Each line below that contains "chatting" counts once; report the total and nothing more.

* * *

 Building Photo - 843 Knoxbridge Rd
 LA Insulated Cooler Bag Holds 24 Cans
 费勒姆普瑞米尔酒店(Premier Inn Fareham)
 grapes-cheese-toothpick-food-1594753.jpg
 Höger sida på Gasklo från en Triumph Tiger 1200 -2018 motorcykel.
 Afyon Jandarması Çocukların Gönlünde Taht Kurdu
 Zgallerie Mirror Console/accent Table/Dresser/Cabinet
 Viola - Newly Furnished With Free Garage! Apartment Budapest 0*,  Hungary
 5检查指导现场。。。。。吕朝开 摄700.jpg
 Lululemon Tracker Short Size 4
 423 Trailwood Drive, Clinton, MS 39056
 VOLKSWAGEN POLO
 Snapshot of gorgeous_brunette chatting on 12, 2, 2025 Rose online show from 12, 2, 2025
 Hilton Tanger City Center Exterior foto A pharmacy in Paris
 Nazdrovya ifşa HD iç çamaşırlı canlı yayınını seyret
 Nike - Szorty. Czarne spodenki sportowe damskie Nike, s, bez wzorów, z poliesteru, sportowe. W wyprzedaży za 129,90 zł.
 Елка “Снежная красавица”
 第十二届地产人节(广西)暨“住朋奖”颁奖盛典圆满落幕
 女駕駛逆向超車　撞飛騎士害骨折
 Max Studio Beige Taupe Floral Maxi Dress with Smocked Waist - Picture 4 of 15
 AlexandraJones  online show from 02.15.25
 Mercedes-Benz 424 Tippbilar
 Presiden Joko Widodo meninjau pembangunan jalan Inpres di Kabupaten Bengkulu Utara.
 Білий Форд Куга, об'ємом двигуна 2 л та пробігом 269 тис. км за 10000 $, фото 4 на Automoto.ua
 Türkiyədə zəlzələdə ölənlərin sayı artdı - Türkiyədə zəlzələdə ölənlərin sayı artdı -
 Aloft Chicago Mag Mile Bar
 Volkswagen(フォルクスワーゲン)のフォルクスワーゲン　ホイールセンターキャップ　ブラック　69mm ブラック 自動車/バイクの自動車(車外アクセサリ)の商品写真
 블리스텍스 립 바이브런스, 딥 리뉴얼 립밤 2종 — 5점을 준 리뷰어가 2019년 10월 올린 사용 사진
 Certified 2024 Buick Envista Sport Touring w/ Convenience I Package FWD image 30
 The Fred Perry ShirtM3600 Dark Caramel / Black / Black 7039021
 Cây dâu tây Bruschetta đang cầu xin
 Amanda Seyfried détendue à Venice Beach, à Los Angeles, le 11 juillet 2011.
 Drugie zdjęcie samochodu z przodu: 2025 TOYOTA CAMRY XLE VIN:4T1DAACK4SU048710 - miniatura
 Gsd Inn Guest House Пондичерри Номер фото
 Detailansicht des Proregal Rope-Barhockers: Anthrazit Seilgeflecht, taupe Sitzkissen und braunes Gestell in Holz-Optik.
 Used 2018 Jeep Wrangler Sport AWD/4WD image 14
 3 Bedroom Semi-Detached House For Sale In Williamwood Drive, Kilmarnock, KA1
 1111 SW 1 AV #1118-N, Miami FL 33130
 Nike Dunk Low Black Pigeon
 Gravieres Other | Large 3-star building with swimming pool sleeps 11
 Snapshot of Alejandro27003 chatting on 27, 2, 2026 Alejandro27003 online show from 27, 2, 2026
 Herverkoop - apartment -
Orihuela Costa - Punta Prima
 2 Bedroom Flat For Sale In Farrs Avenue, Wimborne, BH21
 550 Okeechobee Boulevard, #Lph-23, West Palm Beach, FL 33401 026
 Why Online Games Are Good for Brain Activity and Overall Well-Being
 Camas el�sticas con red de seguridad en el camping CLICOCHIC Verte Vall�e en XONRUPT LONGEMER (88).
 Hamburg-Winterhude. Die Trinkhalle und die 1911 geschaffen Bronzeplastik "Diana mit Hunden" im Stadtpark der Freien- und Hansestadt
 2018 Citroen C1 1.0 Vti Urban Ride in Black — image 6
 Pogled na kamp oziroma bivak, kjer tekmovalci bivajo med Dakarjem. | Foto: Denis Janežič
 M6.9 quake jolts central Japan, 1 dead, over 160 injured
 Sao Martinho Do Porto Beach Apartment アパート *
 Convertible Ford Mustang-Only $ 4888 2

* * *

TASK RESULT – 2